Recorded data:

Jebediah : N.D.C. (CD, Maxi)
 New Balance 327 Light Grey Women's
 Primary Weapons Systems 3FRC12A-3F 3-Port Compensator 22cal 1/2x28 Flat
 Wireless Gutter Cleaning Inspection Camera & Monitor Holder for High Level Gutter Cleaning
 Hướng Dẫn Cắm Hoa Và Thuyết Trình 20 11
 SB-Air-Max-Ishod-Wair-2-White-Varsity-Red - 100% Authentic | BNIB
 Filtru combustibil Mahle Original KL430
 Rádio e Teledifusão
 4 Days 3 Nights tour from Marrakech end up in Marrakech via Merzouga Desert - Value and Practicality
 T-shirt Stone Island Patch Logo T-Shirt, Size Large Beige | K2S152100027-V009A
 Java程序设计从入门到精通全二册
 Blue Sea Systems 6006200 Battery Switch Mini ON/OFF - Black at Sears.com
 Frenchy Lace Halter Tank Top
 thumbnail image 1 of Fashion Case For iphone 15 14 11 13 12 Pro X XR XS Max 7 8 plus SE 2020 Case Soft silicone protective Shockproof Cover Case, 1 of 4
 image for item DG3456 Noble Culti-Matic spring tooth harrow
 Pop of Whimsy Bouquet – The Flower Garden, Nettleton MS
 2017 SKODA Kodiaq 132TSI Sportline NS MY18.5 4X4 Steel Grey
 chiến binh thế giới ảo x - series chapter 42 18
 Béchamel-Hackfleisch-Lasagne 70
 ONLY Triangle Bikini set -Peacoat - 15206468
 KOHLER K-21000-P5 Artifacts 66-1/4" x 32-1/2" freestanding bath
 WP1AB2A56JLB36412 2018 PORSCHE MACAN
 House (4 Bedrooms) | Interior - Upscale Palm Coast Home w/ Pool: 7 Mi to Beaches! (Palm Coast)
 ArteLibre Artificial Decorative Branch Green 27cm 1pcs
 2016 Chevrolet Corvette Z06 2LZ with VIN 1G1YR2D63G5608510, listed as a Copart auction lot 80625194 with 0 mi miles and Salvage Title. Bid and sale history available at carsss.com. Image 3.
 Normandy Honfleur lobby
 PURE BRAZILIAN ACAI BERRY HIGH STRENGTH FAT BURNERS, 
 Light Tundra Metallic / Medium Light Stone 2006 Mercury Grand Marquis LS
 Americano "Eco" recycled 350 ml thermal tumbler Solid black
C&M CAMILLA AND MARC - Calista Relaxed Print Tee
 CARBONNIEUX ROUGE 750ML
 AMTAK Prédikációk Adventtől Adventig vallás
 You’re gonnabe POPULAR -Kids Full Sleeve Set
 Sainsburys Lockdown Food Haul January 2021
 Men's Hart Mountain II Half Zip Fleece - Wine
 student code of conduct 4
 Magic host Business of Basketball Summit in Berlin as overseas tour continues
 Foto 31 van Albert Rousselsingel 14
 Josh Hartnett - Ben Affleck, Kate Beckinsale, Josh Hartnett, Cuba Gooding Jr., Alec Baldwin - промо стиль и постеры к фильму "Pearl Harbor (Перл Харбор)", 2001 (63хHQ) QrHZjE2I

(PROBLEM TO SOLVE) Give back exactly the lines above, from the line containing "2016 Chevrolet Corvette" through the line containing "Men's Hart Mountain", with both end lines and nothing more.

(FINISHED EXERCISE)
 2016 Chevrolet Corvette Z06 2LZ with VIN 1G1YR2D63G5608510, listed as a Copart auction lot 80625194 with 0 mi miles and Salvage Title. Bid and sale history available at carsss.com. Image 3.
 Normandy Honfleur lobby
 PURE BRAZILIAN ACAI BERRY HIGH STRENGTH FAT BURNERS, 
 Light Tundra Metallic / Medium Light Stone 2006 Mercury Grand Marquis LS
 Americano "Eco" recycled 350 ml thermal tumbler Solid black
C&M CAMILLA AND MARC - Calista Relaxed Print Tee
 CARBONNIEUX ROUGE 750ML
 AMTAK Prédikációk Adventtől Adventig vallás
 You’re gonnabe POPULAR -Kids Full Sleeve Set
 Sainsburys Lockdown Food Haul January 2021
 Men's Hart Mountain II Half Zip Fleece - Wine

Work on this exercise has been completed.